The COVID-19 pandemic has reshaped most Americans’ daily lives, from where and how they work to how they receive their health-related services. Healthcare professionals and organizations have also adapted to provide that care.
The rise of telehealth is a significant development as doctors quickly offered virtual appointments with patients via Zoom or similar teleconferencing software. Online medical care may be here to stay, but some experts warn that along with the convenience comes risk.
The “floodgates” are open
While virtual medical appointments peaked early on in the pandemic, on average, nearly one out of every five doctor visits are online today. Management consulting firm McKinsey & Company surveyed patients and providers over telehealth and found these key takeaways:
- Virtual appointments account for 17% of medical visits across all specialties
- 40% of patients say they’ll continue using telehealth in the future
- 84% of physicians offer virtual appointments
- 57% plan to continue offering online care options
This is happening while the U.S. transitions to value-based health care, which includes improving the quality of care, increasing efficiency and lowering costs.
What are the risks?
Experts believe the genie is out of the bottle and predict a greater integration of telehealth, even for patients with chronic disorders, such as heart disease, diabetes and behavioral health challenges. The use of FDA-approved devices will also likely grow to monitor patients’ statuses.

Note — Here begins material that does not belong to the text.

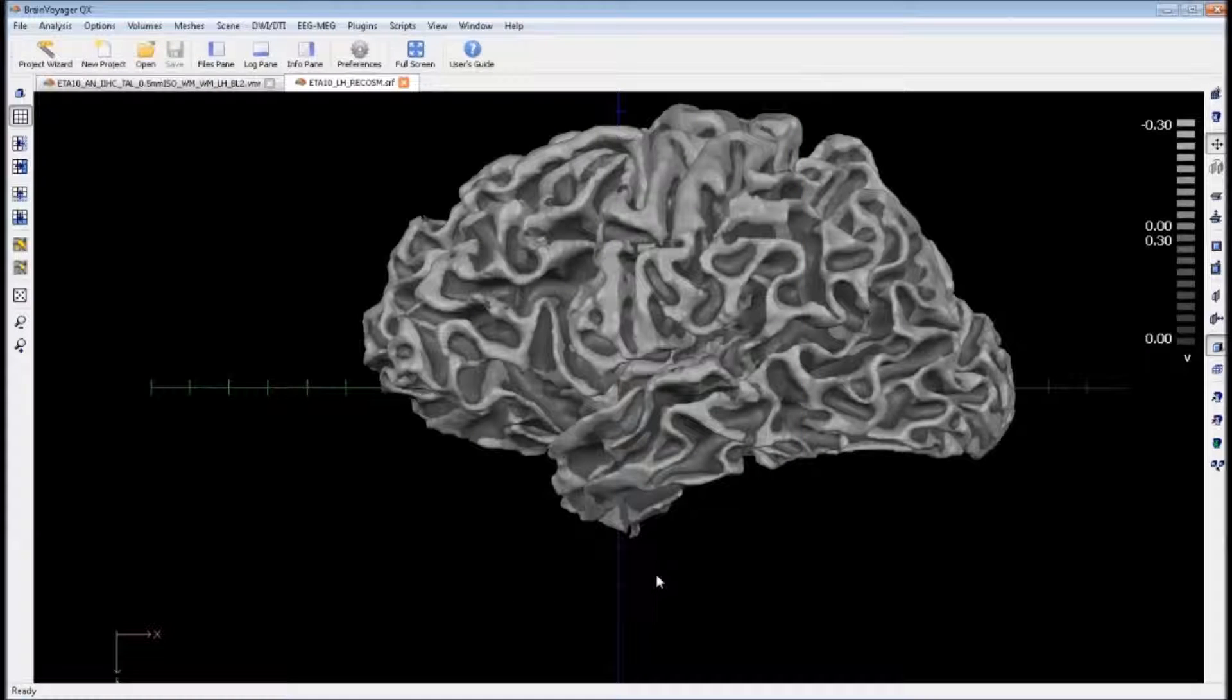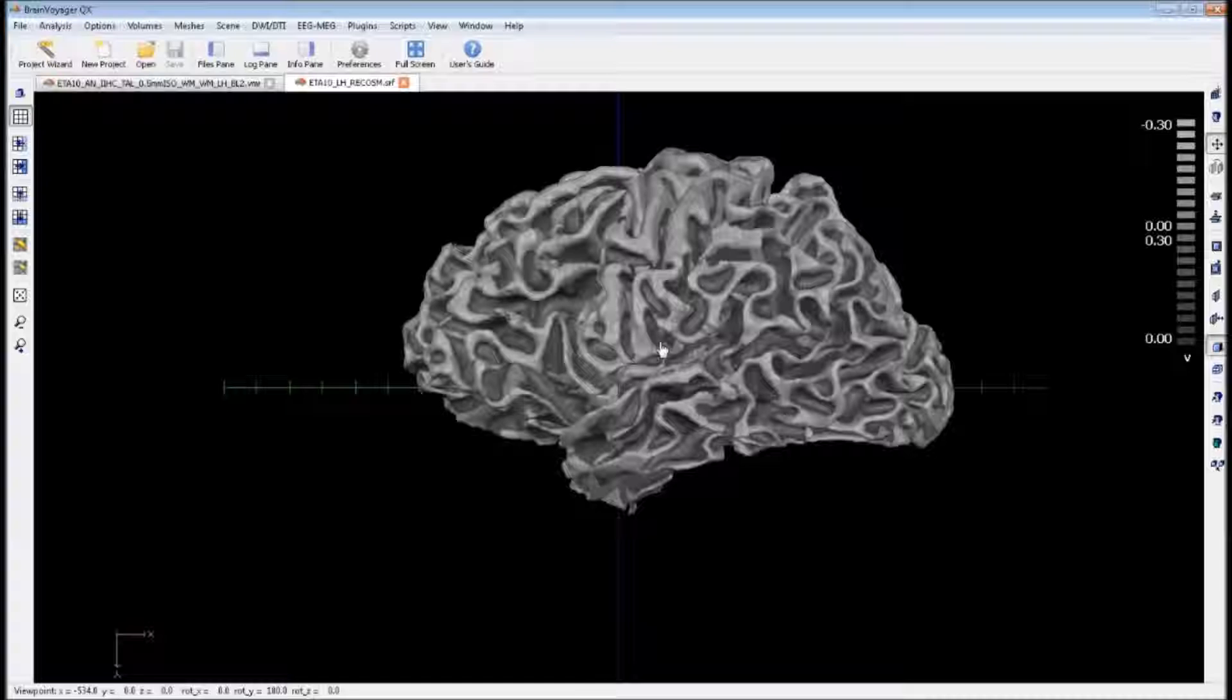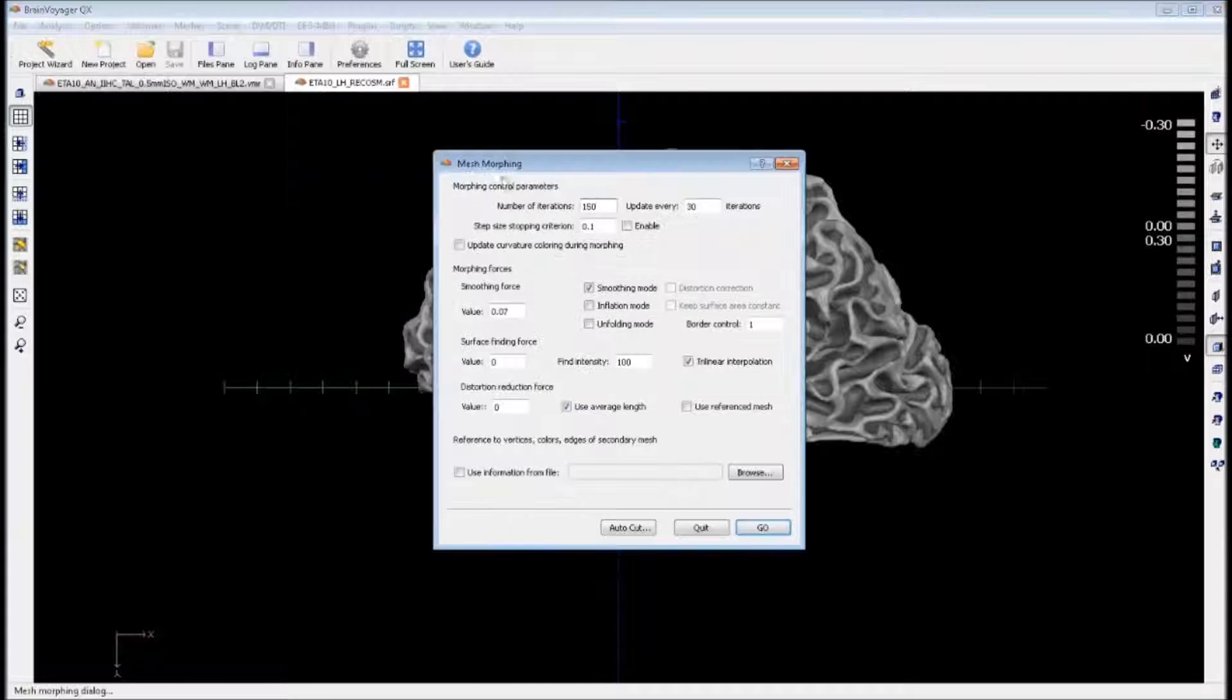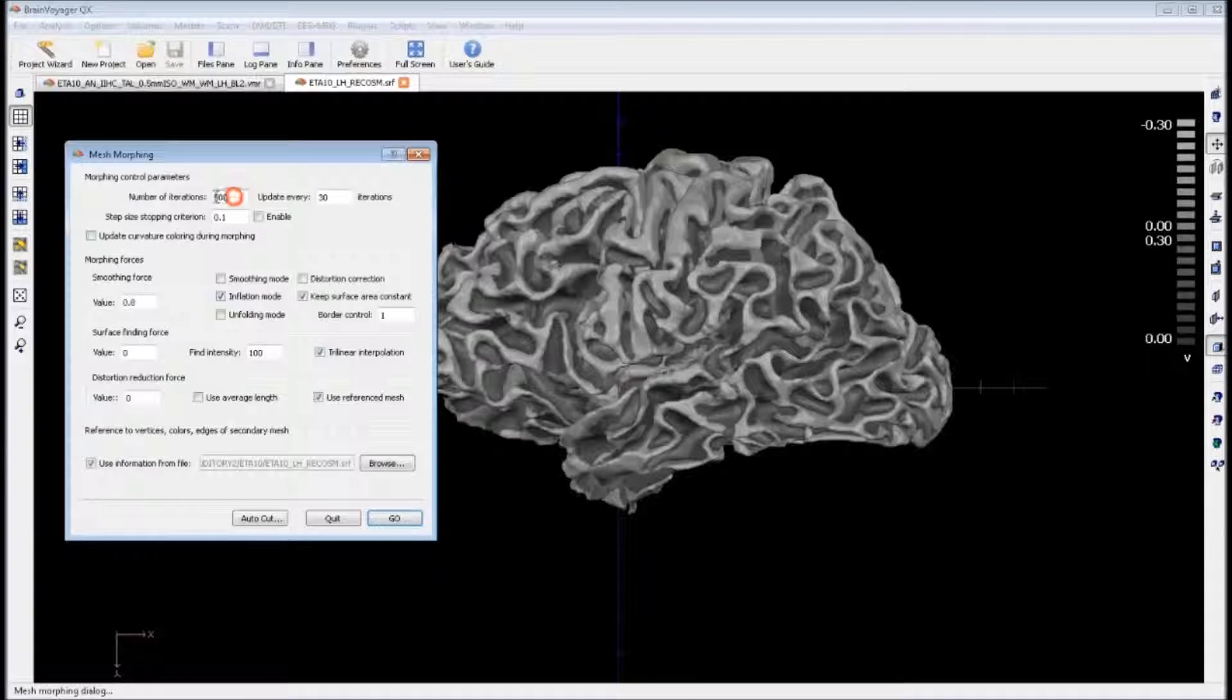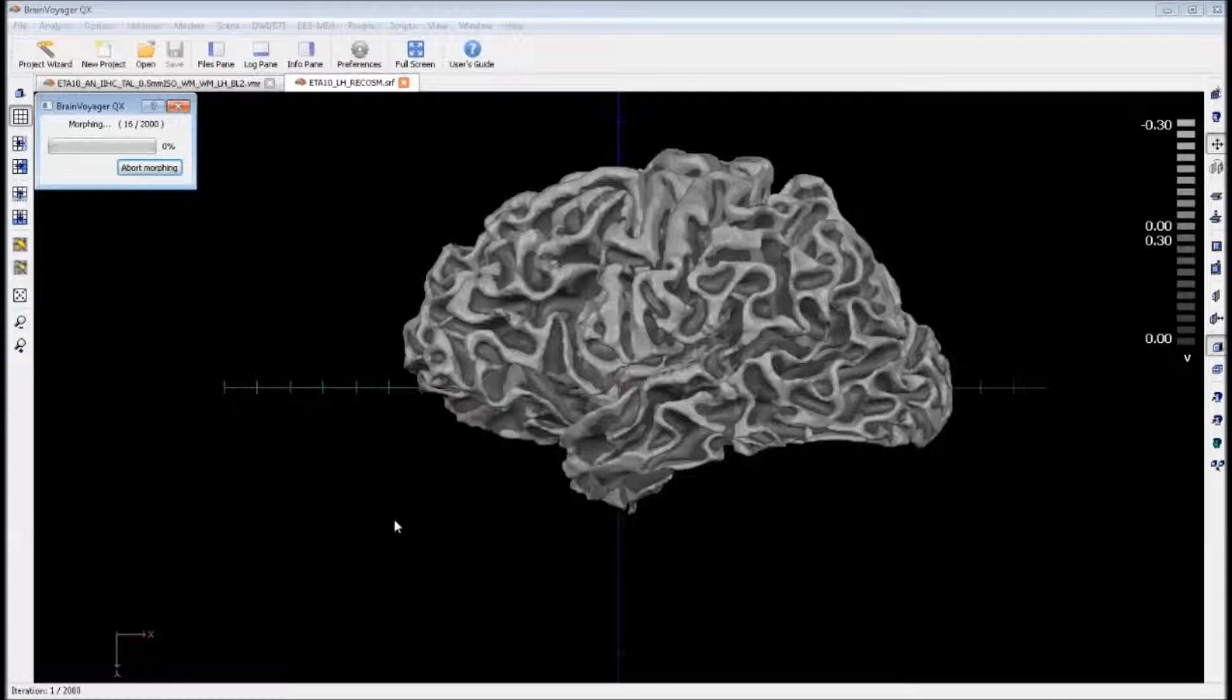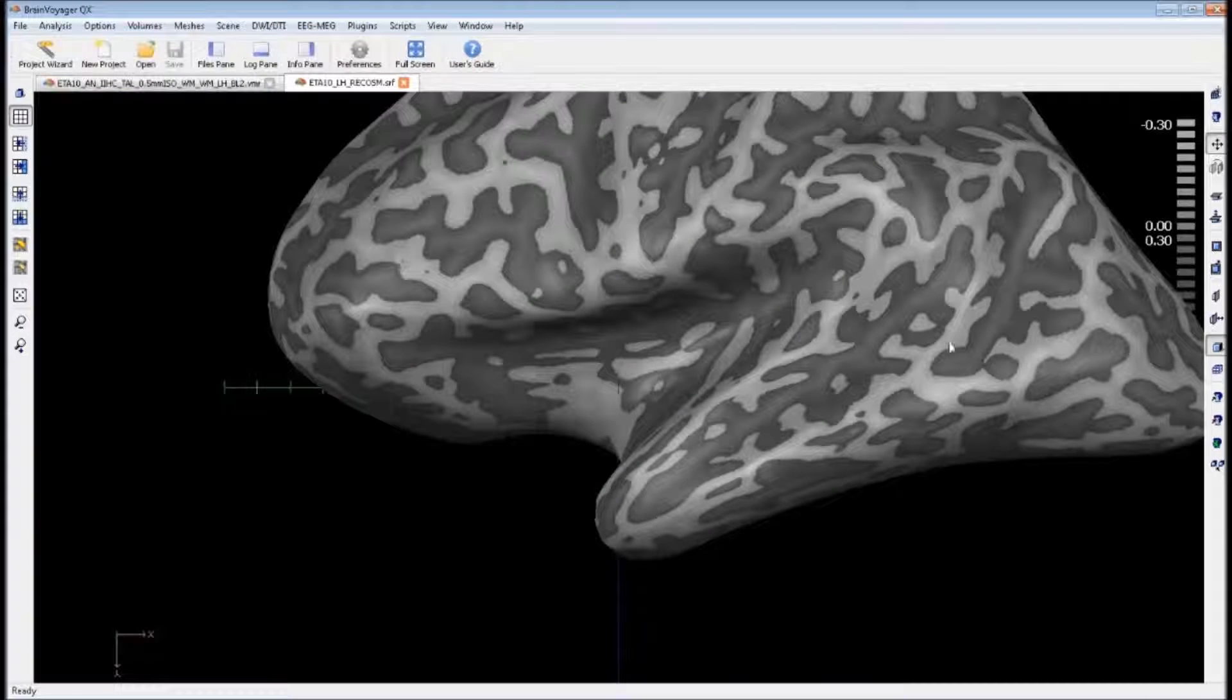The next step is we want to inflate this mesh. We can zoom out a little bit, go to meshes, mesh morphing and click on the inflation mode. The number of iterations we need for this high resolution mesh is about 2000. Once it's complete, it will look a little like this.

But many urge healthcare organizations and insurers to scrutinize the potential risk for medical malpractice. Many expect more lawsuits resulting from delayed or missed diagnosis, misdiagnosis and the increase in patients using wearable devices resulting from telehealth. Physicians likely recognize the difficulty of certain diagnosis via telehealth and must strive to give patients the same attention during a virtual appointment as they would during an in-office visit.